The Bank of China and 297 people are facing indictments in Italy involving a massive money laundering operation. Most of the suspects are Chinese nationals residing in Italy – but the roster of those facing charges also includes four senior managers of the Chinese state bank’s branch in Milan.
Prosecutors allege that the suspects engaged in “mafia-like techniques,” including intimidation, to make their scheme work. All in all, the scam was reportedly worth over 4.5 billion euros ($5.1 billion) – with funds coming in from such valued businesses as counterfeiting, prostitution, labor exploitation and tax evasion.
Nearly half that money was funneled through the Bank of China, which brought in 758,000 euros ($860,000) in commissions for its trouble, according to Italian investigative documents. To avoid detection, prosecutors claim that the money was fractioned into small sums. Prosecutors also allege an established culture of looking the other way among managers and workers at the Bank of China.

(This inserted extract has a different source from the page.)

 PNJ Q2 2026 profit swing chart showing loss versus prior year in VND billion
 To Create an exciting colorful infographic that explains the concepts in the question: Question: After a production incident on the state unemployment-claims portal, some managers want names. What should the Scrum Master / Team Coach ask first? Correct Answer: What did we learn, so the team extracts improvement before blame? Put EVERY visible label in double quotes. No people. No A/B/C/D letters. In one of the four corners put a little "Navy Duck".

The Bank of China has denied wrongdoing, and their lawyers have said they are not guilty of any misuse of international money transfers.
Beijing did not cooperate with the investigation, Italian officials said, nor did they have any answer to offer about where money went after it left Italian shores – since Italian police were unable to continue their investigation in China. The AP reports, on the basis of their own investigation, that at least some of that money flowed into the coffers of a large government-controlled import-export company that has been accused of repeatedly shipping counterfeit merchandise, some of it to the United States.
China’s state-run Global Times newspaper published a rebuttal to that AP story, calling it “strange” and noting that the Bank of China has “no obligation to cooperate with Italian police.”